Neil Young (Hollywood Reporter): "Performances are blunt and unmannered. Top-billed Kaya Scodelario plays the adult Cathy with only the occasional linguistic anachronism jarring on the ear. These minor flubs are outweighed by the impact of the plausibly unadorned, sometimes vicious language used by what are essentially uneducated working-class farmers. This includes several four-letter outbursts and a smattering of uses (by Hindley) of the N-word towards Heathcliff – Glave and Howson are both black, a pioneering bit of casting from Arnold. Heathcliff is described in the book as “dark”, “gipsy” and looking like a “Lascar” from southern Asia, but has always been previously played by Caucasians."

Guy Lodge (In Contention; ***1/2): "Like most previous screen versions, Arnold and co-writer Olivia Hetreed have taken on only the irresistibly full arc of the novel’s first half, but have zeroed in more emphatically on the class tensions and familial cracks that both enable and cripple Heathcliff and Catherine’s relationship.
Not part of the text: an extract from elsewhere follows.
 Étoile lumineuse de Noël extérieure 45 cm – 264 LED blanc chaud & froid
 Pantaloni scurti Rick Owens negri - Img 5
Arnold’s simplest and most successful amendment is the introduction of a black Heathcliff (played at different ages by Solomon Glave and James Howson), a stroke that places the social landscape of Brontë’s story in starker relief, and adds an extra layer of rancour to the abuse the character endures at the hands of Catherine’s seethingly inarticulate brother Hindley (Lee Shaw)."